*Requirement*
Exactly as they appear, write the lines from the one containing "Colorful Plant Displays for Entryways" to the final line of the entries, leaving pictures out.

*Information provided*
§
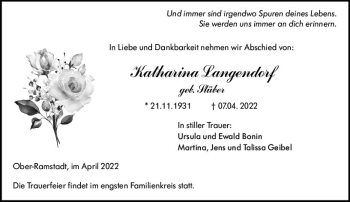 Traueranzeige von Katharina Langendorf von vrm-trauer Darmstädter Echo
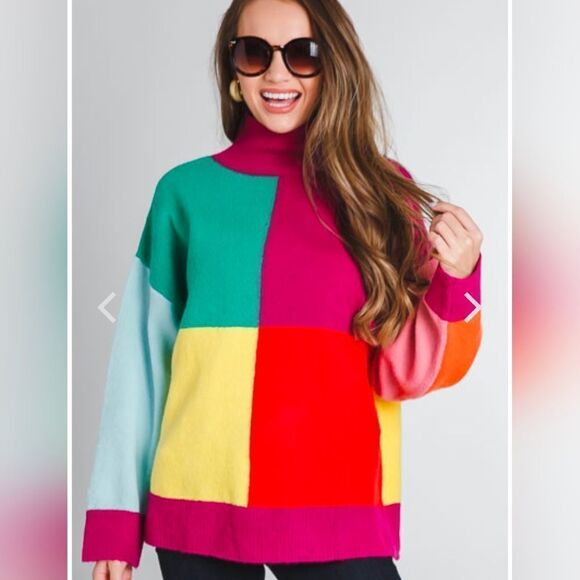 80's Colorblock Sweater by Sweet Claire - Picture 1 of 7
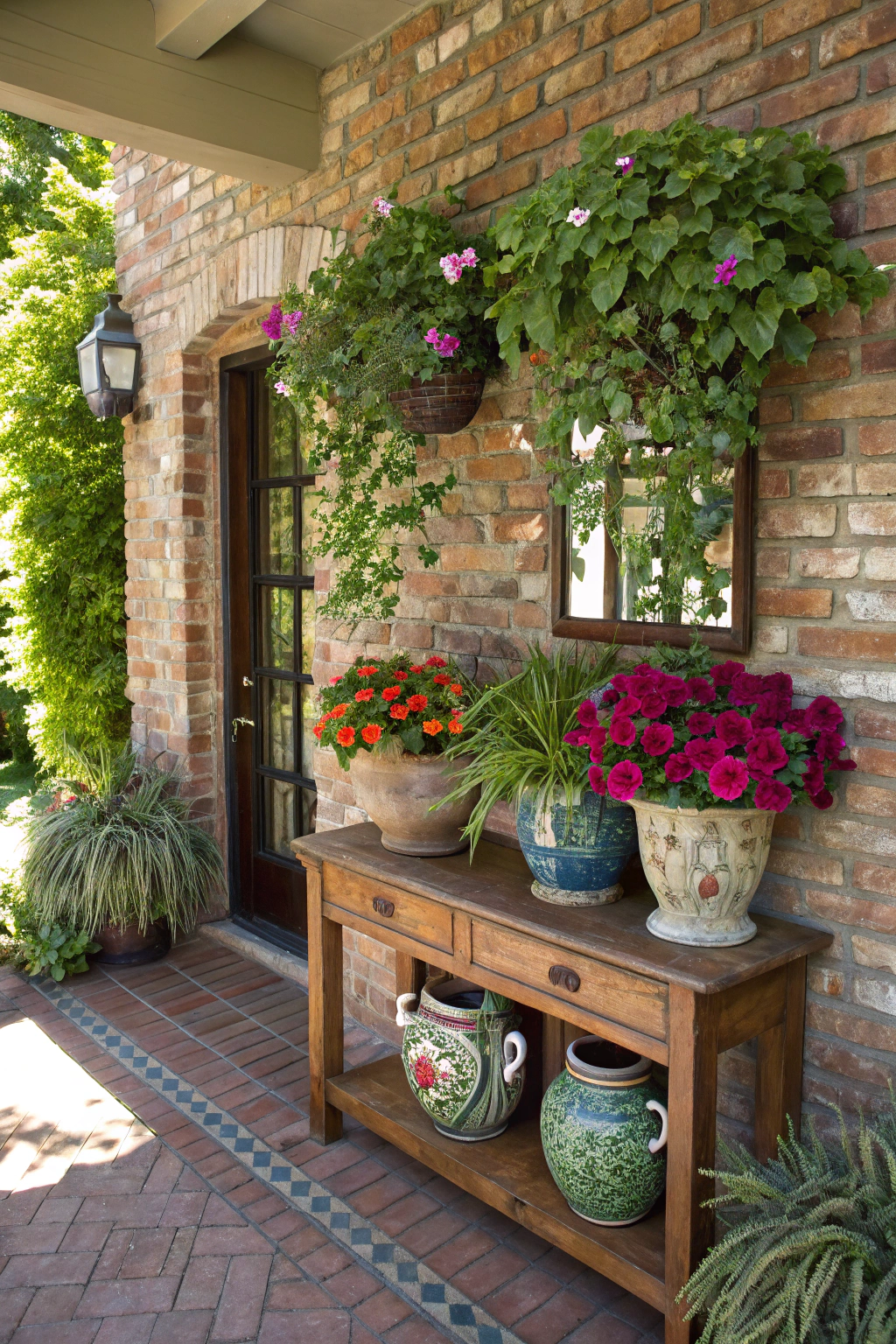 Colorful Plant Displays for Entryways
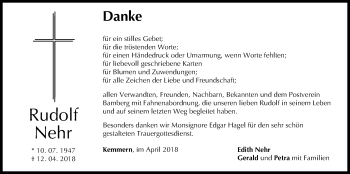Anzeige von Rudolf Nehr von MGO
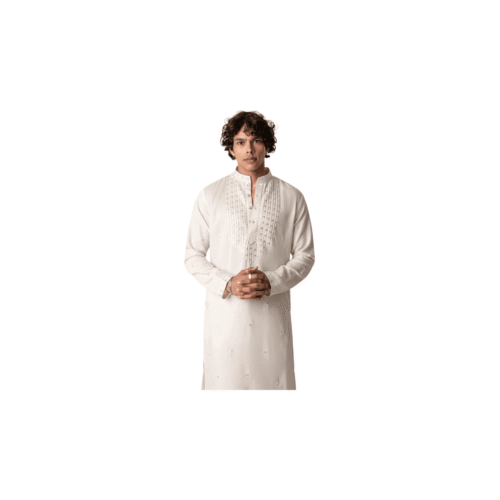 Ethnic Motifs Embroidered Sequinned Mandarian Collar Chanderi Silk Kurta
§
*Solution to this problem*
 Colorful Plant Displays for Entryways
Anzeige von Rudolf Nehr von MGO
 Ethnic Motifs Embroidered Sequinned Mandarian Collar Chanderi Silk Kurta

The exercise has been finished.